I also look forward to incorporating Alberta wool into my quilting next year. Custom Woolen Mills – a large mill about 2.5 hrs south of me – makes quilting batts. While having cotton batting is fun and easy, I really want to make warm, squishy quilts you can snuggle under come winter. I hope to make at least one quilt using wool batting from the mill next year.
2021 Is Calling…
I don’t make life resolutions come the new year. I’ve said it here before, if life changes are required, waiting for an arbitrary date to start them isn’t required. What I do like to do, however, is plan some projects for the coming year.
And I have lots of plans.
Not only do I have plans to get all the stuff I’ve been holding onto for the shop up and running in the first quarter, but I have personal projects I’m looking forward to as well.
The dye pots are going to be in overdrive the next several weeks – while I scour, mordant, and dye the Cheviot to get it in the shop.
As I mentioned earlier, I’m also going to make The Oa by Kate Davies, dyeing the main contrast colour with indigo, and the secondary contrast colour with madder.

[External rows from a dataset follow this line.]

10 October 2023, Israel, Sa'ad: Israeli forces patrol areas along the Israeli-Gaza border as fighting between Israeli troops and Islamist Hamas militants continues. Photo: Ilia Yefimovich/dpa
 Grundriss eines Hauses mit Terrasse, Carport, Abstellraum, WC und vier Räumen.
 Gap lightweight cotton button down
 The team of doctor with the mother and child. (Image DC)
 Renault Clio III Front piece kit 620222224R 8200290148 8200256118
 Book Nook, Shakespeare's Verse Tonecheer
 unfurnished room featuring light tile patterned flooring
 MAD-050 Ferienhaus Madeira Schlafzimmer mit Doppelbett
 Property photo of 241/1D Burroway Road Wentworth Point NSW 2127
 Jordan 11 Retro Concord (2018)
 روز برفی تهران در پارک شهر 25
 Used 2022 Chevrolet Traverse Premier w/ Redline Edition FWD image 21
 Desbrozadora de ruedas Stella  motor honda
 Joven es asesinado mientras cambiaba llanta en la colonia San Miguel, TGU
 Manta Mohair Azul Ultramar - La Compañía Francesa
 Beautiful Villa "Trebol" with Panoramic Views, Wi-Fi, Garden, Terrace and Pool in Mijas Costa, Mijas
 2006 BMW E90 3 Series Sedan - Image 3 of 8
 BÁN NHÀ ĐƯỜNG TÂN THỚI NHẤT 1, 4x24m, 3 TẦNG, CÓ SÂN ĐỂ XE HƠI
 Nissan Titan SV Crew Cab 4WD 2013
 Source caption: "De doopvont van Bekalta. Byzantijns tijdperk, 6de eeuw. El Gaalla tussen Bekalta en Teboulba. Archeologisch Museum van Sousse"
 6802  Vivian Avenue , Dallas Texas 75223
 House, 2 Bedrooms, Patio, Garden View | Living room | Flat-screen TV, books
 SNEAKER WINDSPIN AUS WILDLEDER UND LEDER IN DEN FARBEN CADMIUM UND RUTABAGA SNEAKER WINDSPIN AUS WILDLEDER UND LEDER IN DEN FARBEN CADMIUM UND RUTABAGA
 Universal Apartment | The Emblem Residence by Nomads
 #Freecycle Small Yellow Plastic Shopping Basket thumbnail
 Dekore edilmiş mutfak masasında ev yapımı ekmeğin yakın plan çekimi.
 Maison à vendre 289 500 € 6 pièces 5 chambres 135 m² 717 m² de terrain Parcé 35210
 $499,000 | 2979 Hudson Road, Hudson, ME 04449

I have a vest to knit from my hand spun Icelandic/BFL/alpaca yarn I spun during the first Tour de Fleece this year. It’ll be a fairly simple affair – ribbed hems and straight stockinette body (it’ll be nice to have something more mindless after I’m done my Tunis sweater).
Once I get my supplies for cellulose dyeing (namely the tannins I’ll need) I’ll be diving headlong into that, and begin working on some naturally dyed quilting projects.
And, honestly, I’d like to pick 51 Yarns back up – it completely languished earlier in the year, and I’m hell bent on finishing that by the end of 2021 (hopefully sooner, but I’d like to avoid making it feel like work, so I’m giving myself lots of time).
2020 was an interesting year (to say the least). It will be even more interesting, I think, to see what 2021 brings us.